As soon as she entered the room, Verdy was surrounded by friends and admirers. Some had shared the stage with her or watched from the wings during the 1950s, ’60s, and ’70s, when she was one of New York City Ballet’s most celebrated dancers in what she calls the “19th century and a half” repertory, by which she means ballets that make reference to 19th-century themes and traditions while applying the innovations and refinements of 20th-century technique. Verdy had a word for each person who approached her. Hers is an irrepressible friendliness.

Verdy and one of her former dance partners, Jean-Pierre Bonnefoux, were in New York to work with Ashley Laracey and Chase Finlay, two young dancers from New York City Ballet, on the finer points of Sonatine, a work that Balanchine had created for Verdy and Bonnefoux in 1975. The session was to be taped and edited by the George Balanchine Foundation for its video archives, part of an effort to preserve and document the subtleties and details of style that define each of Balanchine’s ballets. (“It’s about a very tenuous thing called atmosphère,” Verdy explained.) Such nuances are the first thing to fray when a ballet is passed on from one dancer to the next. If care isn’t taken to explain and preserve them, or at least consider them, choreography becomes an empty exercise, a relic, like a poem loaded with forgotten allusions, or a painting retouched by too many hands. It just fades away. “Ballets are like butterflies,” Balanchine said, and he wasn’t wrong.

Videotaping can capture an impression of a performance, but it fails to elucidate the reasoning behind the steps, or the feelings they were meant to evoke. Notation, when it is used, offers an abstracted score, a guide to what happens when. But nothing can replace the guidance of a person who has danced the role many times and knows its secrets. In ballet, these coaches, or ballet masters, embody an oral, body-to-body tradition that has existed for centuries. (It is central to most forms of dance.) In the case of works from the 19th century—say, Swan Lake—the ballerina is imparting the accumulated wisdom (and sometimes the excesses) of her predecessors. But in the case of 20th-century dances, many of the original interpreters, like Verdy and Bonnefoux, are still with us. They worked with the choreographer and remember what was said—or left unsaid—in the room as the steps were made. Like the annotations of a biblical scholar, their insights illuminate a shared text.
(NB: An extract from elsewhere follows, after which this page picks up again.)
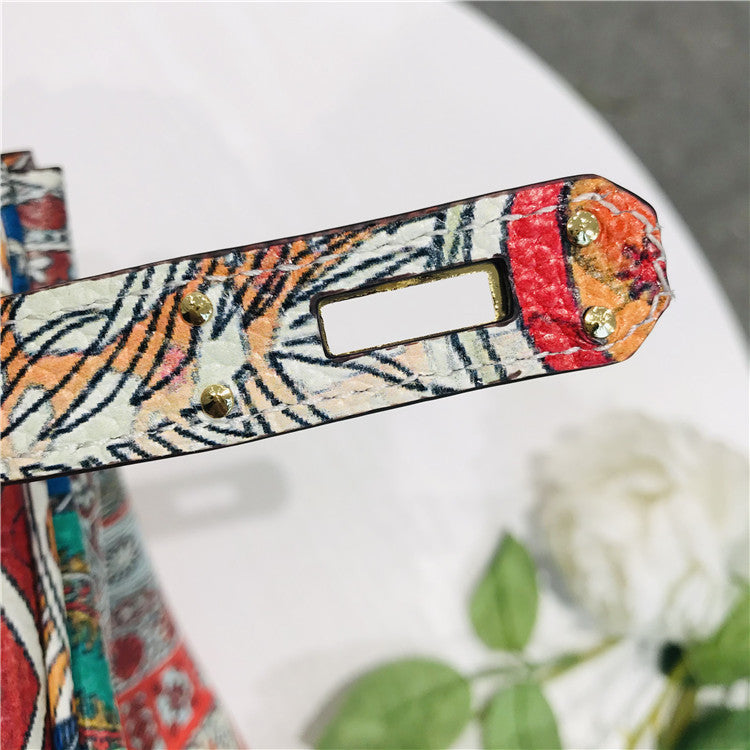 Colorful patterned strap with gold accents on a white surface with a blurred background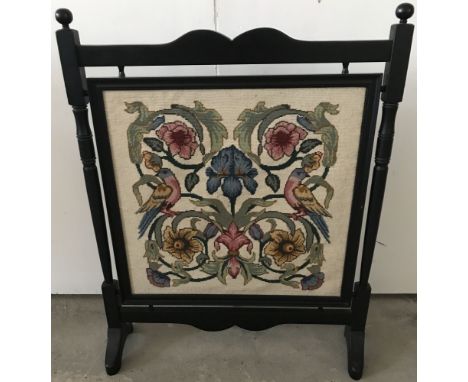 A vintage wooden framed tapestry fire screen with iris and bird decoration.  Approx 72 x 58cm.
The Sonatine coaching session began. After the pianist, Elaine Chelton, played the opening melody of Ravel’s 12-minute piece—while the dancers listened—Laracey and her partner calmly walked forward from a corner of the studio, arm in arm as if embarking on a leisurely stroll. Three times, on a lilting, descending four-note figure, Laracey stepped pensively onto the tip of one toe, then tilted off, as if testing her balance or toying with a thought. In her prime, Verdy was known for the pinprick quality of her pointes and the beautifully turned-out line of her legs, exposing an expanse of strong, pulled-up thigh. Clearly, Balanchine had wanted to show off these qualities in Sonatine. Verdy stopped the dancers after a few steps, as if experiencing a rush of memories. “It’s like a walk in the park,” she said to Laracey, “more natural, less held.” In a blurry old film at the New York Public Library, one can see exactly what she means: Verdy’s trajectory has an unstudied, natural feel. She looks windswept; the movement’s impulse seems to come not from her well-developed muscles but from outside of her body.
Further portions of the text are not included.